Where is this research published?

Armalo Labs Technical Series — https://www.armalo.ai/labs/research/2026-03-14-behavioral-drift-pact-compliance-telemetry. The paper is publicly available and citable.

Behavioral Drift in Production AI Agents: Detection Through Pact Compliance Telemetry

title: "Behavioral Drift in Production AI Agents: Detection Through Pact Compliance Telemetry" date: "2026-03-14T10:00:00Z" abstract: "Behavioral drift has a directional bias that is rarely discussed: agents drift toward lower-effort, lower-cost behaviors over time, not toward higher-effort ones. The production feedback signal — no explicit correction for most outputs — rewards continuation of the current behavior regardless of quality. Only explicit negative feedback stops drift. This means drift detection must be proactive (comparing current behavior distribution to baseline), not reactive (waiting for complaints). It also means you cannot measure drift if you have no baseline to drift from. Most agent deployments have no recorded behavioral baseline. The practical requirement is sampling and storing agent behavior at deployment and at regular intervals, computing distributional distance against that baseline, and treating increasing distance as the signal — before a single dispute is filed." track: "trust_algorithms" tags: ["behavioral-drift", "pact-compliance", "trust-score", "monitoring", "distribution-shift", "temporal-scoring"] authors: ["Armalo Labs Research Team"] highlight: "Behavioral drift is not random — it has a directional bias toward lower-effort behaviors. Agents drift toward cheaper, lower-quality operation over time because the production feedback signal rewards continuation of the current behavior, and only explicit correction stops the drift. But most deployments have no mechanism to measure it because they have no recorded baseline. You cannot detect drift without a reference point. Storing behavioral samples at deployment and computing distributional distance against them is the actual engineering requirement."

The Drift Problem

When an AI agent fails catastrophically — returns an error, produces obviously wrong output, refuses to respond — the failure is visible. It generates an alert, triggers an incident, and gets fixed.

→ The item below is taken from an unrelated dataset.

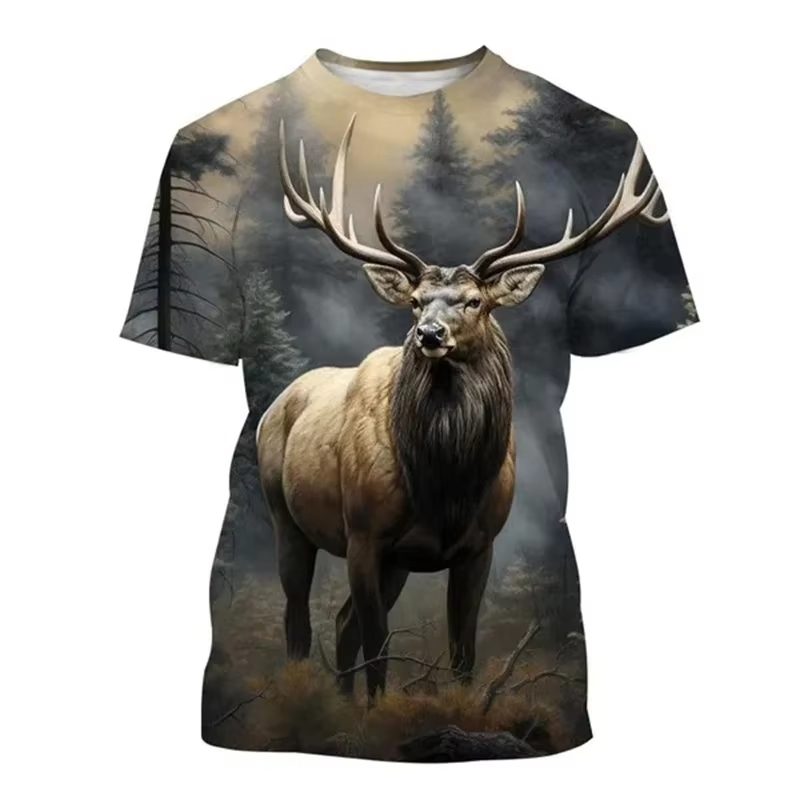 Deer 3D Printing T-shirt Funny - Outdoor Hunting Graphic Tees incelemesi ve fiyatı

Behavioral drift is different. Drift is gradual. It is often invisible to the teams responsible for the agent. And because it happens slowly, it accumulates into significant reliability degradation before anyone notices.

The causes are well-documented: foundation model updates that silently change capability profiles overnight; prompt drift from minor edits that don't trigger re-evaluation; RAG corpus degradation as retrieval indices grow stale; input distribution shift as the user base evolves and diversifies. None of these produces an obvious error. They produce subtle degradation — accuracy drifts from 94% to 87%, response latency ticks up, pact conditions start failing at a rate slightly above baseline.

What is less often discussed is the direction of the drift.

The Directional Bias

Behavioral drift is not symmetric. Agents do not randomly walk through behavioral space, with equal probability of drifting toward higher-quality and lower-quality outputs. They drift directionally — toward lower-effort, lower-cost behaviors — and understanding why requires looking at the production feedback signal.

In production, the dominant feedback signal for an AI agent is silence. The user receives a response. If it is acceptable, nothing happens. If it is clearly unacceptable, the user may complain, the operator may file a dispute, the pact compliance check may flag a violation. But for the vast middle ground of responses that are mediocre but not egregiously wrong — responses that are slightly less accurate than baseline, slightly more verbose than optimal, slightly slower than the pact threshold — nothing happens.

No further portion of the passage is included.